Ek savunma hakkı verilerek, savunmaları sorulan sanıklardan Nejat Ergin, suç işlemediğini ve kararı mahkemeye bıraktığını söyledi.
Şarkı sözüyle savunma
Sanıklardan Nejat ve Yiğit Ergin'in avukatı Mahir Işıkay, savcılığın, Salih Aslan ve Ahmet Şahin'e yönelik tehdit eylemiyle ilgili müvekkillerinin cezalandırılması talebini kabul etmediğini belirtti.
Nejat Ergin'in konuşmasında geçen "merminin adresi yok" sözünün tehdit olarak iddianamede yer aldığı bilgisini veren Işıkay, "Burada bir tehdit kastıyla hareket edildiğinden söz edilemez.

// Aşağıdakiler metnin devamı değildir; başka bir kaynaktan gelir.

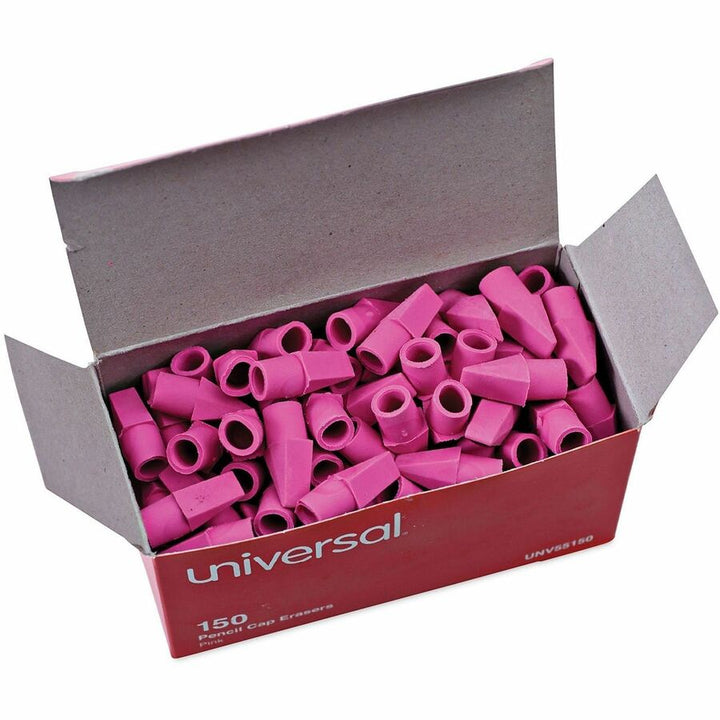 Image of Universal 55150 Pencil Top Eraser, Pink, Wedge, Elastomer, 150 / Pack, Soft, Latex-free, Non-tearing, Non-smudge, Ghost Resistant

Kabul etsek bile haksız tahrik hükümlerinin uygulanması gerekir. Kenan Doğulu da parçasında, 'mermi adres sormaz' diyor. O zaman milyonlarca kişiyi tehdit etmiş oluyor. Buradaki irade kasıt değildir, kendi ekmeğiyle oynanmasıyla ilgili bir konuşmadır" şeklinde konuştu.
Soruşturmanın "kumpas" olduğunun ortaya çıktığını ve soruşturmada görev alan polislerin şu an tutuklu olduğunu söyleyen Işıkay, müvekkilinin diğer suçlardan olduğu gibi tehdit suçundan da beraatine karar verilmesini istedi.

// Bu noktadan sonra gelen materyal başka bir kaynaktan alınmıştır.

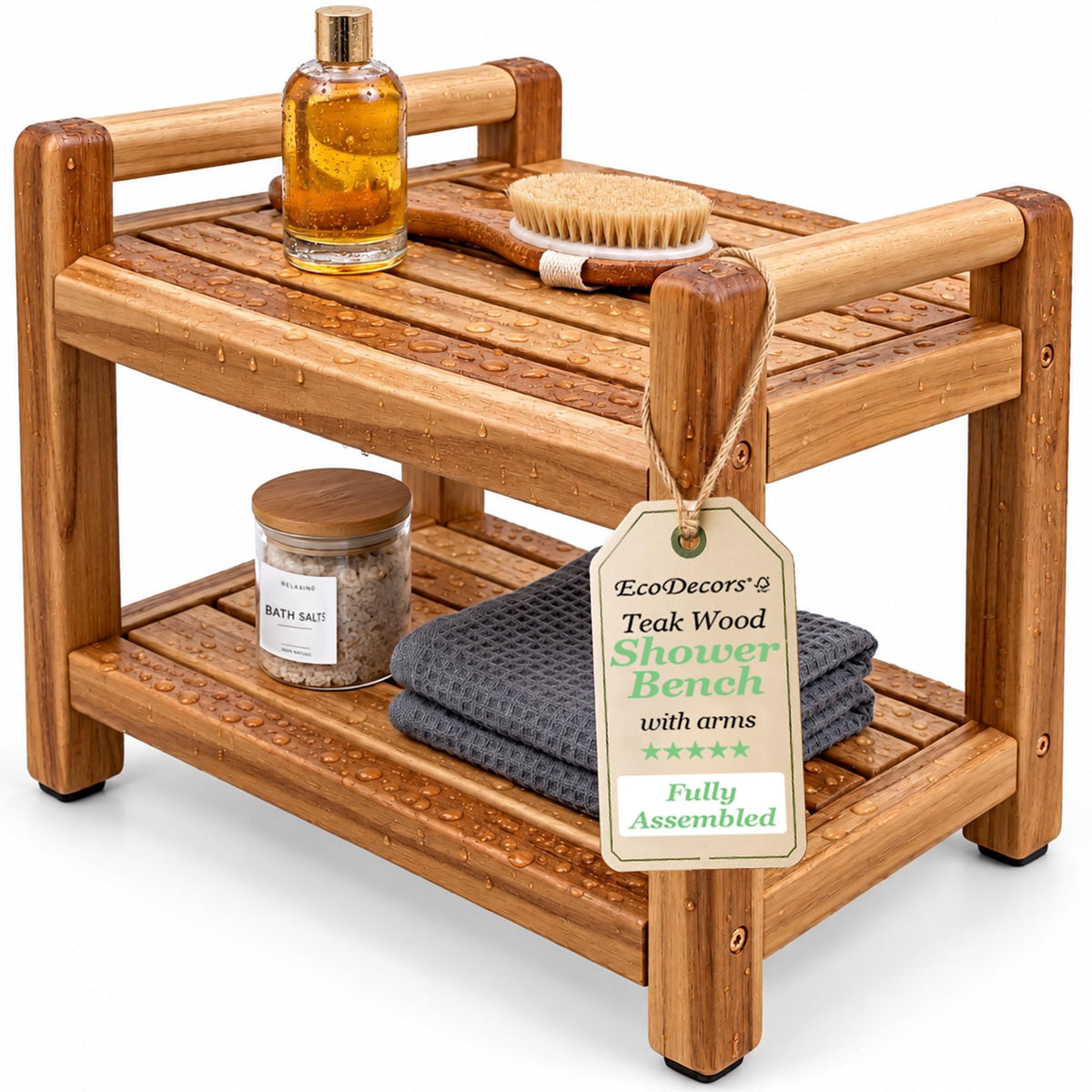 20" Teak Shower Bench with Arms & Storage Shelf O772343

Avukat Işıkay, diğer müvekkili Yiğit Ergin ile ilgili savcılığın takipsizlik kararı verilmesi yönündeki mütalaasına uyulmasını da talep etti.
"Cam evi olan, başkasının evine taş atmaz"
Duruşmada söz alan sanık Ahmet Mahmut Ünlü'nün avukatı Hulusi Yıldırım ise "Müvekkilim din alimidir. Bu nedenle suçlamalarla ilgili savunma yaparken zorluk çekilmiştir. Cam evi olan kişinin, başkasının evine taş atmaması gerekir. Suçlamalar, bir din alimine yakıştırılmayacak mahiyettedir. Din alimi olan birisinin, konuşmalarda geçen 'talebe' sözü, 'şifre' olarak değerlendirilmiştir" ifadelerini kullandı.
Müvekkili Ünlü'nün atılı suçları işlemediğini savunarak, beraatını isteyen Yıldırım, beraat kararı verilmemesi durumunda erteleme istemediklerini kaydetti.
Ünlü'nün avukatlarından Fatih Oğuz da olayların, "müvekkilinin itibarının katledilmesine" yönelik kurgulandığını savundu. Oğuz, mağdur yabancı kadınların emniyette 45 gün tutulduklarını anımsatarak, "Ne zaman ki müvekkilim tutuklanıyor, o zaman bu kadınlar yurt dışına deport ediliyor. İfade alınması engellenmiş oluyor böylece. Beraat kararı verilsin" dedi.
Savunma yapan diğer sanık avukatları da müvekkillerinin beraatini talep etti.
Davaya ilişkin ara kararını açıklayan mahkeme heyeti, dosyanın karar verilmek üzere incelemeye alınmasına hükmederek, duruşmayı erteledi.
Savcılık mütalaasından
Bir önceki duruşmada açıklanan esas hakkındaki mütalaada, sanıklardan Nejat Ergin'in, mağdur Ahmet Şahin'i tehdit ettiği gerekçesiyle 1 yıldan 4 yıla kadar, konutunda sahte pasaport ele geçirilen sanıklardan Mahjouba Demirel'in de "resmi belgede sahtecilik" suçundan 2 yıldan 5 yıla kadar hapis cezasına çarptırılması talep edildi.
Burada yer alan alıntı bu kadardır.